Is Goldman Sachs a $500 Stock?
The latest problem the company faces is a batch of lawsuits from aggrieved investors. Six such lawsuits have been filed by parties including individual shareholders and pension funds. The suits charge Goldman with various violations, including "breach of fiduciary duty, corporate waste, abuse of control, mismanagement and unjust enrichment."
While I can't judge the merit of any of these charges, shareholder lawsuits resulting from a drop in the value of a company's stock often lead to cash settlements. And Goldman's stock market value has fallen by about $20 billion since mid-April when the Securities and Exchange Commission's charges against Goldman came to light.
I think the market has overreacted to this news, especially since Goldman isn't facing huge losses. For example, some observers speculate that Goldman's legal fees could total $100 million to handle all the lawsuits. And the cost of settling the Abacus lawsuit might total $45 million, three times the fees that Goldman received on the deal. The combined $145 million represents 0.72% of the $20 billion plunge in Goldman's market value and 0.38% of its $38.3 billion cash balance.
As I wrote recently, the bigger concern for Goldman should be what comes out of an investigation that a director, Rajat Gupta, tipped off a hedge fund about Warren Buffett's $5 billion investment in Goldman preferred stock. But even that is unlikely to harm the company financially. Barring a major loss of customers in the wake of these investigations, Goldman's earnings power appears to be largely untouched.
But How's the Stock?
At least two of my DailyFinance colleagues have weighed in on Goldman's tribulations. Gene Marcial noted that 22 of 29 analysts rate Goldman a buy, presumably believing that the bad publicity will not cause clients to defect. Vishesh Kumar pointed out that the more troubling fact that the public's image of Goldman has become much more hostile.
My take on Goldman is that its stock is becoming a screaming buy. My reasoning is that if a stock trades a price/earnings ratio that is well below its earnings growth rate, then the stock is cheap. And with a price/earnings ratio of 6.14 and earnings expected to grow 20.6% in the next year, Goldman's PEG is way below 1 -- 0.3 to be specific, making it super cheap in my book.
There is no rush to buy the stock at this point since there are likely going to be more bad headlines that will drive the stock down further.

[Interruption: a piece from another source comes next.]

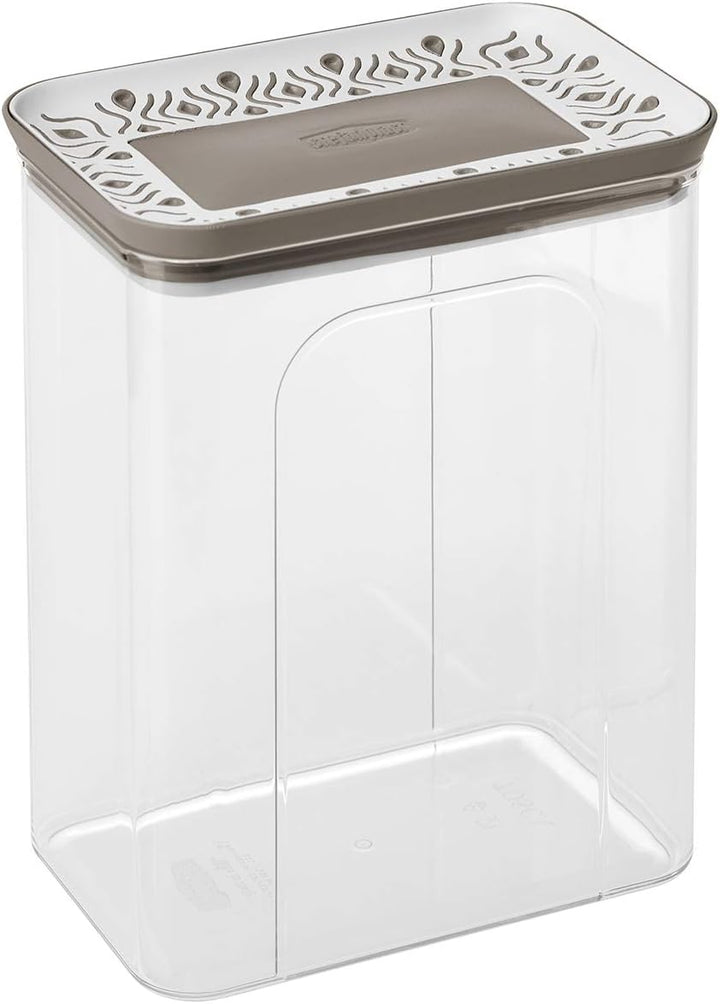 Stefanplast, Taupe, Rechteckige, luftdichte Dose aus der Linie Tosca, Palace, lebensmittelecht, 2,2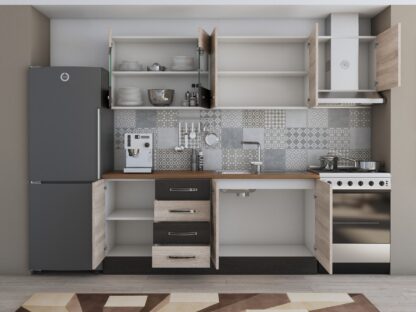 Bucatarie Alfa 240, corp hota, cu vitrina, sonoma/wenge, blat termic nuc - imagine 4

If it hits $125, consider buying and then sit back for a bumpy but profitable ride that could quadruple the investment.
How so? If Goldman were fairly valued at a PEG of 1.0, it would be trading at $503 (calculated by multiplying its 20.6% earnings growth rate by Goldman's most recent 12 months' earnings per share of $24.43).
Sure that's quite a high price, but even if Goldman reaches half that level, investors would enjoy significant returns. I am not saying that Goldman will escape without a nick -- just that the market has overreacted.